Your goal »
Drop the pictures; give again exactly the lines from the one holding "Hedgehog 01" through the end of the data.

Captioned web image data
Segment Open
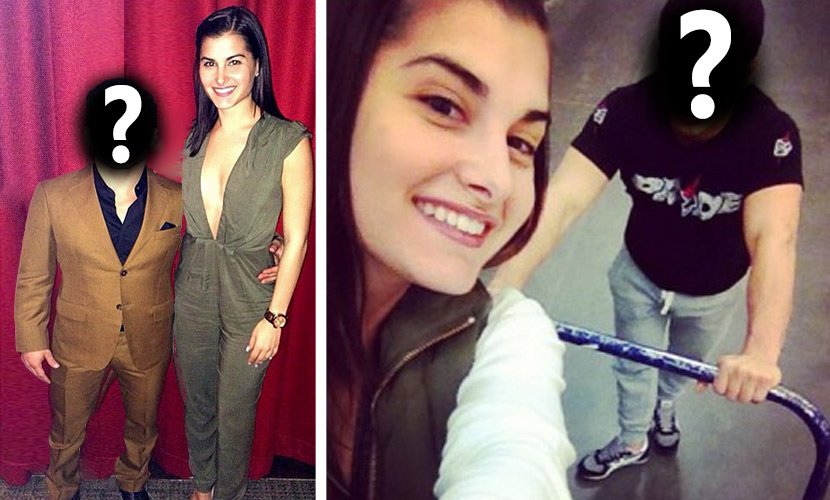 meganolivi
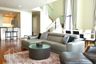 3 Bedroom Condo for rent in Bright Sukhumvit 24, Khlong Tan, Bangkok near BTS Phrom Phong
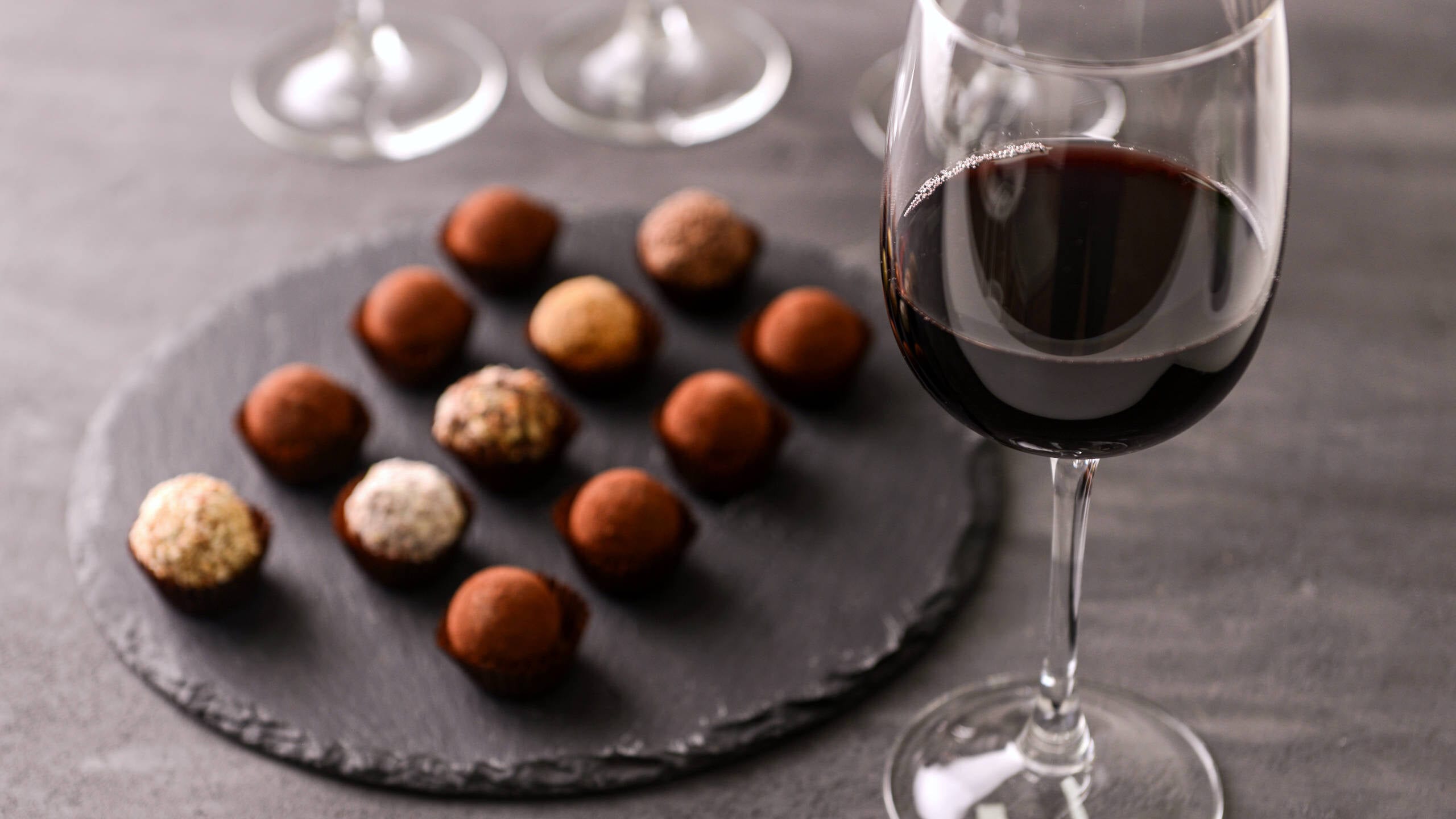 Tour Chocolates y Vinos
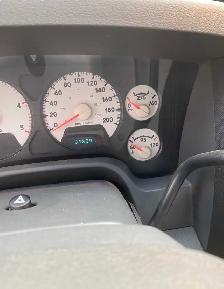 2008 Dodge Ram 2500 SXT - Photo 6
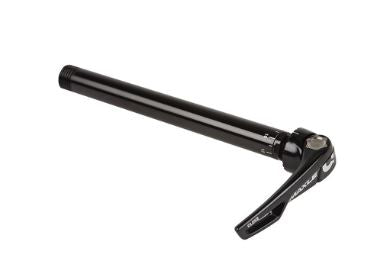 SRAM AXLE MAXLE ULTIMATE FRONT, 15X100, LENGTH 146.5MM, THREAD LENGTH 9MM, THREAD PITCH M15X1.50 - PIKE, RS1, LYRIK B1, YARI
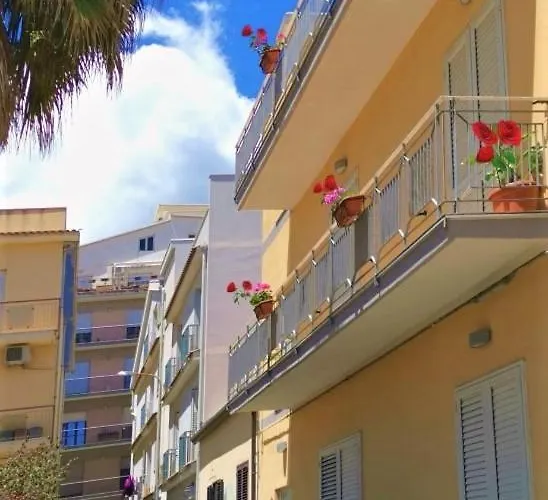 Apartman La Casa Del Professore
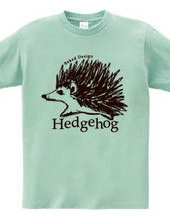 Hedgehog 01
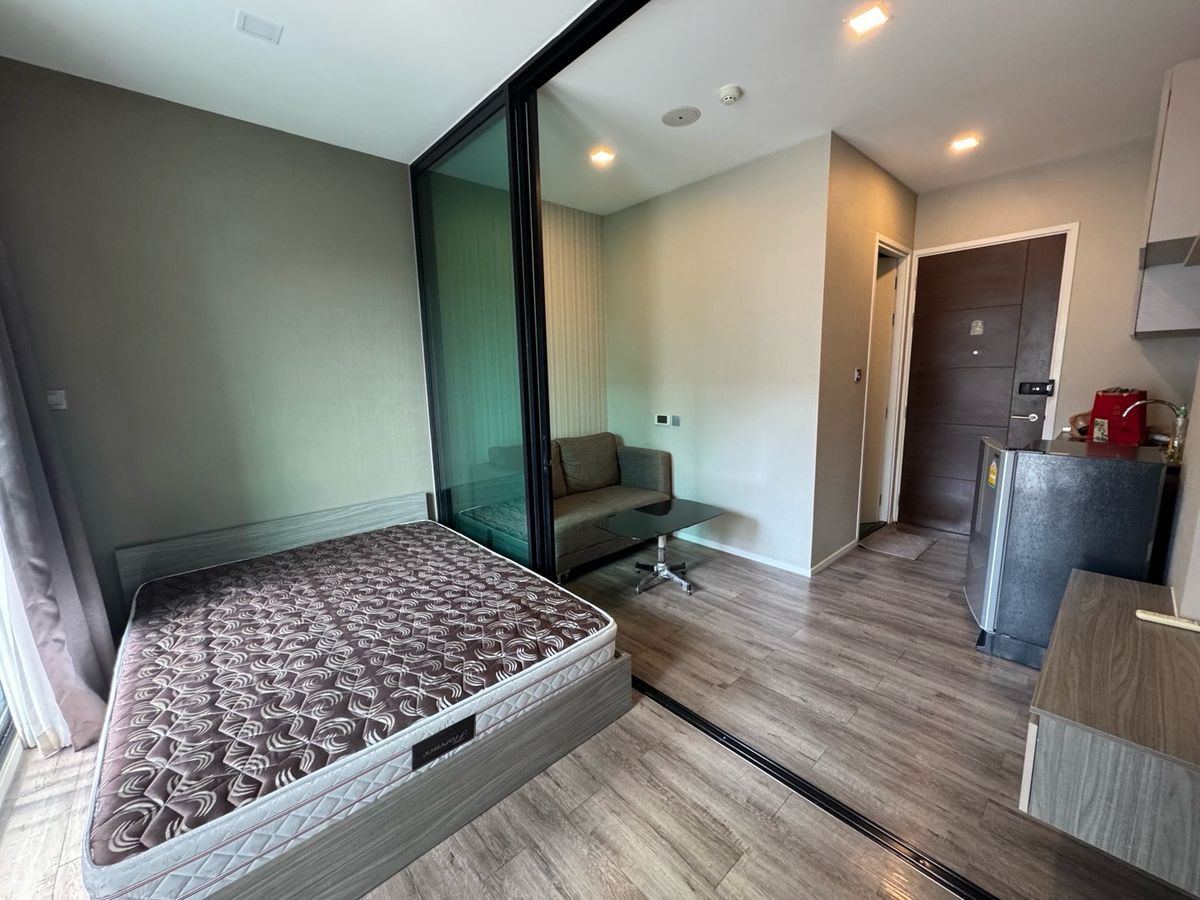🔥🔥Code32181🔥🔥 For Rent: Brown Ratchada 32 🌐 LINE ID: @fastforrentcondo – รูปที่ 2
Segment Closed
Reply »
 Hedgehog 01
🔥🔥Code32181🔥🔥 For Rent: Brown Ratchada 32 🌐 LINE ID: @fastforrentcondo – รูปที่ 2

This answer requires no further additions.